Movie Editor Hoax: The Not-So-Ace A.C.E.s

Lee Smith A.C.E. and Jabez Olsson. I write these names in order to expose a cruel hoax in the films of 2012. You see, these fellows are credited as ‘Editor’ on two of last year’s longest, most self-consciously epic films—The Dark Knight Rises (165 minutes), and The Hobbit: An Unexpected Journey (169 minutes). And while I thought both were very good, the idea that they were edited at all is plain false advertising.
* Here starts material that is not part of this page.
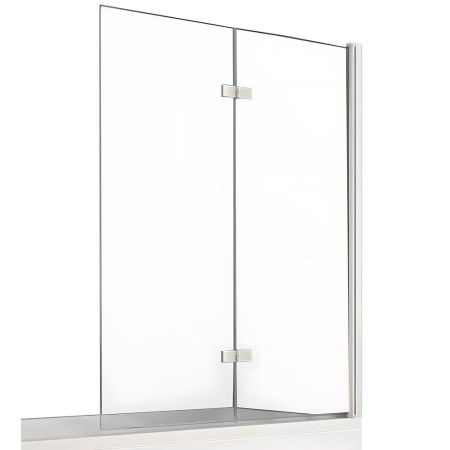 Шторка для ванны NEW TRENDY NEW SOLEO 100 см P-0029 R (хром), артикул P-0029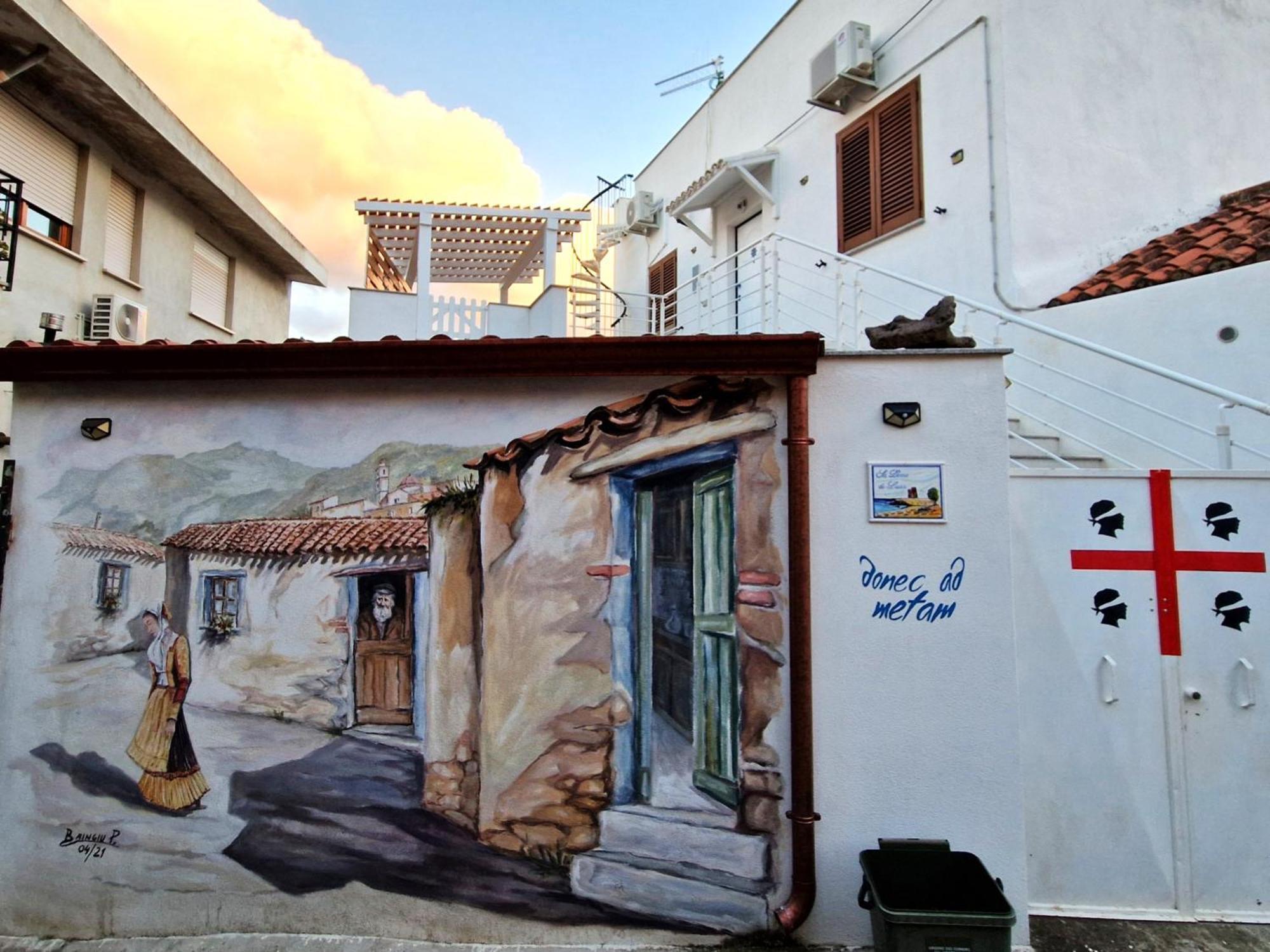 La Corte Sarda Centro Storico A 5Min Di Auto Dal Mare Siniscola Dış mekan fotoğraf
It gets worse. Smith and Olsson have supposedly ‘edited’ Christopher Nolan and Peter Jackson’s previous films. And an entire generation of these directors’ fans may suffer irreparable gastro-intestinal problems from not visiting the washroom during their bloated run-times. And that’s just in the theatres—because we all known Jackson can’t resist putting yet more footage somehow edited from the film (so Olsson at least showed up for work one day)—into his DVD releases, extending them several times over and meaning that his devotees probably have spent small fortunes and entire days viewing his handful of films.

An entire generation may suffer irreparable gastro-intestinal problems from not visiting the washroom during these films’ bloated run-times.
Films used to come in all shapes and sizes—a greater variety than we now see. For every 9 hour 22 minute colossus like Abel Gance’s 1927 Napoleon, there were many more films of an hour or less. Obviously, the rise of television made it unlikely that an audience would pay good money for a 65-minute B-movie. There was still a worry about bored audiences, though, and commercial imperatives shimmied films into the 80-120 minute range. The Hammer films tended to be over after 80-odd minutes (which nowadays you’ll only see when a film’s been disastrously re-edited because of poor test screenings). For the frequently penny-pinching horror merchants, it allowed a quick shoot for cinematic pocket change and multiple films a year. James Bond’s first three films all clocked in at under two hours. Among the many post-mortems on the diminished success of George Lazenby’s Bond outing On Her Majesty’s Secret Service (1969), the theory was offered that it made a bit less than Thunderball and You Only Live Twice because, at 140 minutes, it played fewer times a day than its predecessors, and thus took longer to get into the black (although its $22 million US grosses come out to $124.8 million in 2012 money, i.e. more successful than The Bourne Legacy ($113.2 million). So George Lazenby kicked Jeremy Renner’s ass… fact!).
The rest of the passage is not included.